Being a small state, Delaware did not muster a great number of formations during the war. Nine infantry regiments, a cavalry regiment, some independent companies, along with a couple batteries of artillery. Previously, we detailed what amounted to two and a half batteries of artillerymen from Delaware seeing service during the third quarter of 1863. By December 1863, that was down to an even two batteries… and even with that, only one of them was actually credited as an artillery battery doing artillery things:
- 1st Light Battery: Reporting at Camp Barry, District of Columbia, with six 3-inch Ordnance Rifles. After duty in New York dealing with the draft riot crisis, the battery returned to Washington, DC in mid-September. They were assigned to the Artillery Camp of Instruction. Captain Benjamin Nields commanded (for whom the battery is often identified). The battery remained there until February 1864, when it was dispatched to the Department of the Gulf.
Crossley’s Half-Battery of heavy artillery, a militia unit brought into service in response to the Confederate invasion of Pennsylvania, mustered out at the end of September. That leaves only Ahl’s Heavy Artillery Company, which was actually listed on the previous quarter summary, to discuss. Though listed as heavy artillery, Ahl’s company was in reality a guard force for prisoners held at Fort Delaware. Immigrants and galvanized Confederates dominated the ranks. Given the nature of Ahl’s service and assignments, I can understand the exclusion from the summaries.
Moving on to the ammunition reported, we skip past the smoothbore columns to the Hotchkiss:
- 1st Battery: 3 Hotchkiss time fuse shell for 3-inch rifles.
- 1st Battery: 299 Hotchkiss percussion fuse shell, 166 Hotchiss case (bullet) shell, and 142 Hotchkiss canister for 3-inch rifles.
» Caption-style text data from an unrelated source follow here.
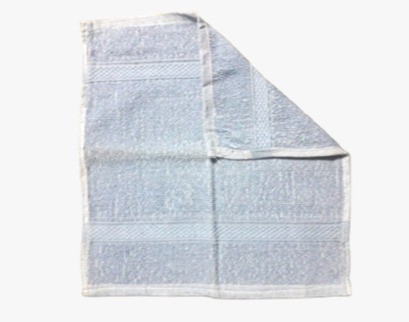 Cotton Terry Dish Cloth Stock Offer # 3246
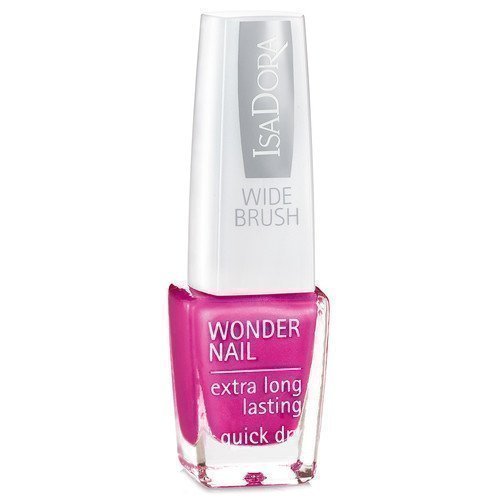 IsaDora Wonder Nail 725 Cherise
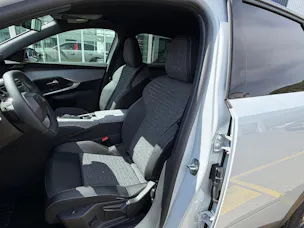 Peugeot 3008 e-Allure AWD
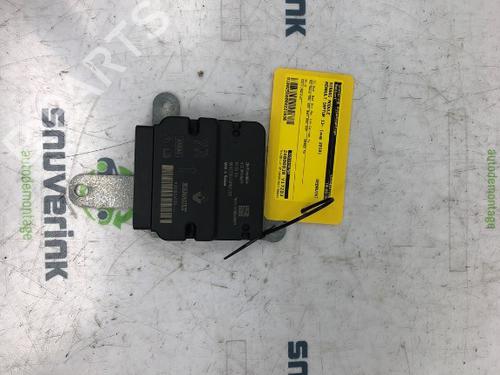 Kollisjonspute styreenhet RENAULT CAPTUR I (J5_, H5_) 0.9 TCe 90 (90 hp) 24159613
Moving on to the Schenkl columns:
- 1st Battery: 487 Schenkl case shot for 3-inch rifles.
For small arms reported:
- 1st Battery: Seventeen army revolvers and twenty-eight horse artillery sabers.
Now to the cartridge bags, powder, fuses, and primers:
- 1st Battery: 90 cartridge bags for 3-inch rifles.
- 1st Battery: 242 cartridges for army revolvers, 401 friction primers, 50 yards of slow match, and 140 percussion caps for pistols.
The Delaware artillerists under Niels had ample time to get their drill correct. And they would put that to good use in the following year. Their luggage would very shortly have tags for New Orleans and various river ports on the Red River and Mississippi River.